What’s the problem is often the problem…

Preface

Recently I’ve been involved in a number of ‘chats’ which have led me to revisit my understanding on what errors are versus exceptions and when each could and should be used. The wider context of this is based around my own belief that recoverable or application specific abnormal conditions should be returned to clients in the form of exceptions. Typically I’ve heard errors and exceptions referred to interchangeably, with some difficulty arising when the conversation covers ‘system failures’, at which point these are assumed to be ‘exceptions’ (versus everything else being implicitly deemed as errors). My own understanding here differs from this naming almost diametrically and I think this clarification is becoming especially important, as my own development is moving from that steeped in web frameworks (and their own terminology), to having more of a ‘Service’ or ‘Remote Component’ focus with web based front ends communicating asynchronously via XML or JSON.
Broadly speaking, ‘typical/traditional’ n-tier web architectures tend towards the following design:
Web client [browser] <-> web framework [which attempts to abstract various things such as request/response handling, session handling, 'error' handling, and implement an MVC pattern: e.g. Struts; WebWork; SpringMVC; Velocity], <-> Application modules [which attempt to centralise the application logic handling to serve disparate clients and often are responsible for caching, data connection pooling, authentication and authorisation etc: e.g. Spring beans, EJBs] <-> Persistence store [e.g. SQL database or NoSQL system of record].
This design also tends to err on the side of synchronous request-response handling that is abstracted to some extent by the web framework in use, with many web containers implementing a thread-per-request or some flavour of continuation based thread pooling and request processing. Personal experience also suggests that such applications carry out ‘all-or-nothing’ request processing, whereby constituent parts of the request are not decomposed into discrete units and handled either concurrently (when possible) nor scheduled for later processing. In this scenario requests mark an artificial transaction boundary, whereby impediments to complete processing will return a list of errors to the client. Common patterns I have encountered here try to decompose the monolithic processing into smaller units, (for a combination of reducing processing latency, better user experience and resilience), by either submitting data via multi-page wizards [which can be ‘chatty’ end-to-end by sequentially processing each stage as it is submitted, or less so, by session attribute gathering before performing the processing as a bulk], or by paging results back to clients on read requests. Naturally, there are still outstanding questions of how much resilience this approach can add (depending on the implementation) and whether this takes advantage of any parallel execution capabilities.
Increased network speeds, more powerful web client capabilities and a proliferation of client libraries, (which have lowered the barrier of entry in building asycnhronous browser based clients), have had a profound effect on the nature of web based application development. Use of XML and JSON as de facto serialisation transports between client and server have also lessened the need to abstract the HTTP request-response model (to a certain extent at least). Hence, it appears we are slowly moving from a world where the prevalent paradigm of multi-phase, synchronous, request bound tx-context processing is switching to an emergent loosely coupled, asynchronous, multi-staged one.

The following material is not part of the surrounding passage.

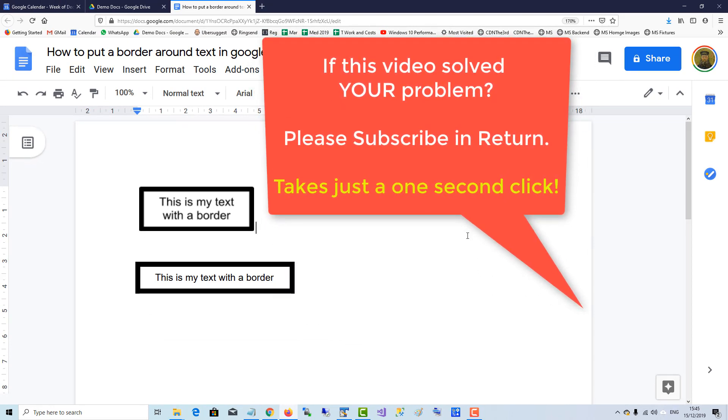If this video solved your problem please subscribe in return. It takes just a one second click.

NOTE: Other designs I’ve seen used in ‘Internet-scale’ web sites include client side widget based frameworks (e.g. iGoogle, Netvibes), which are effectively an implementation of the architecture I have outlined and ‘render farm’ based websites, where separate processes may look to snapshot rendering pages server side as part of a scheduled task or are user initiated and generate, render and pre-cache a set of pages server side. Neither of these architectures directly map to the request -> generate -> render -> response model I have initially described.

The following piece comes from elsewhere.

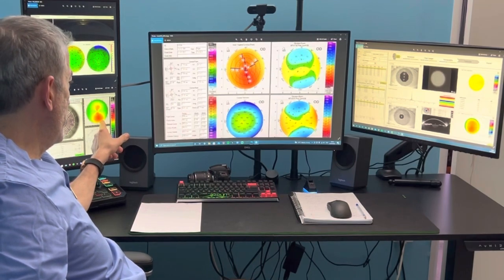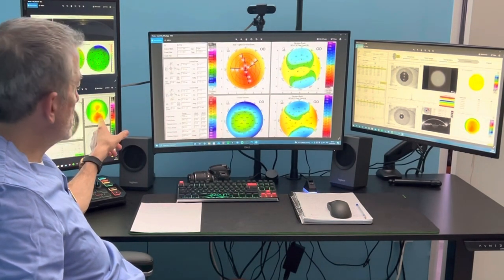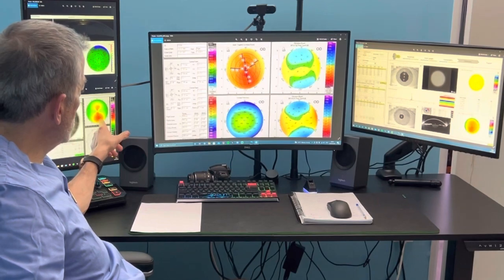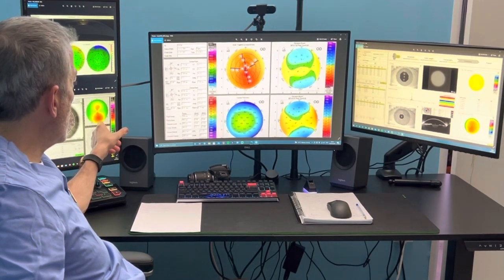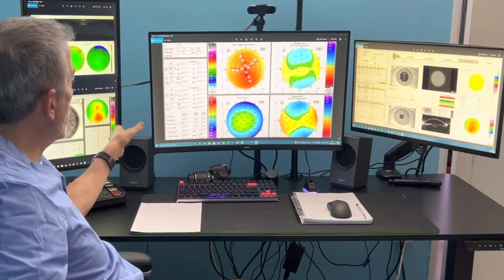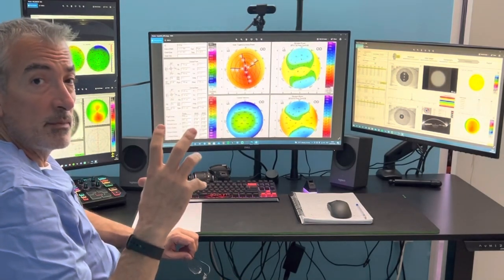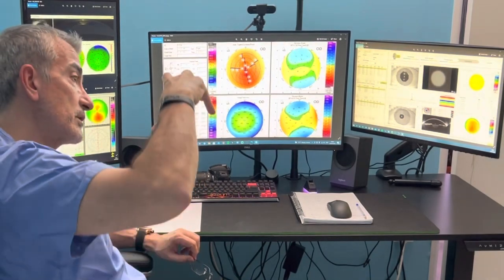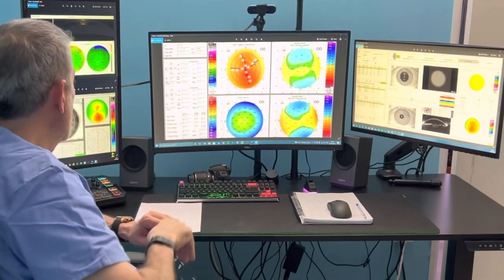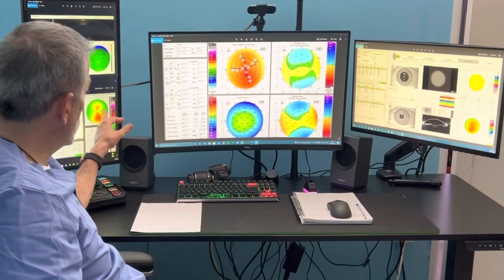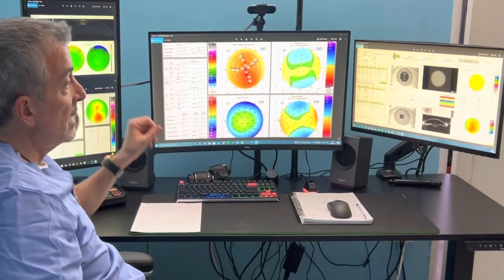The fact that we have inferior steepening — remember, this could just mean significant angle kappa on the Y-axis, meaning the imaging device is looking at the cornea downwards — and this could cause fake inferior steepening.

General paradigm shift, from using web frameworks that abstract request-response model and error handling to clients, to using richer web clients that can call independant web services directly and asynchronously.

So, given this new direction in web development, how does this impact error handling between services and clients ?
First let’s try to map out what the current state of error handling is by most web frameworks, before a reminder of what exceptions are and how they should be applied. Finally, let’s consider appropriate usage according to varying contexts.
Typically, web frameworks sanitise non-system failures (i.e. failures that are outside of the direct application scope) into a collection of error messages, (sometimes with an associated id for the error). Numbering and format of these messages is usually on an ad hoc basis, unless this is dictated by an internal policy or standard.
As an aide memoire to the different types of exceptions, here’s a quick summary:
– There are typically 2 types of exception: checked and unchecked
– Within the subset of checked exceptions there is further division between Errors and Runtime Exceptions
– Checked exceptions signal abnormal conditions that client programmers should deal with.
– Checked exceptions should adhere to the catch or specify rule
– Most unchecked throwables, (i.e. subclasses of Error and RuntimeException) are problems that would be detected by the JVM
– Errors usually signal abnormal conditions that you wouldn’t want a program to handle and from which the application cannot reasonably be expected to recover, (e.g. a H/W failure such as OutOfMemoryError). As such, it is usually reasonable that the thread of execution should terminate.
– Runtime exceptions are usually exceptional conditions that are internal to an application and could reasonably be thrown
Exceptions are either checked or unchecked. Checked exceptions should implement ‘catch or specify’ semantics and should return the information to the client. Unchecked exceptions are either errors (exceptional, typically system, circumstances from which an application cannot recover and which shouldn’t return detail to the client) or runtime exceptions (exceptional conditions internal to the app, which may return detail to the client).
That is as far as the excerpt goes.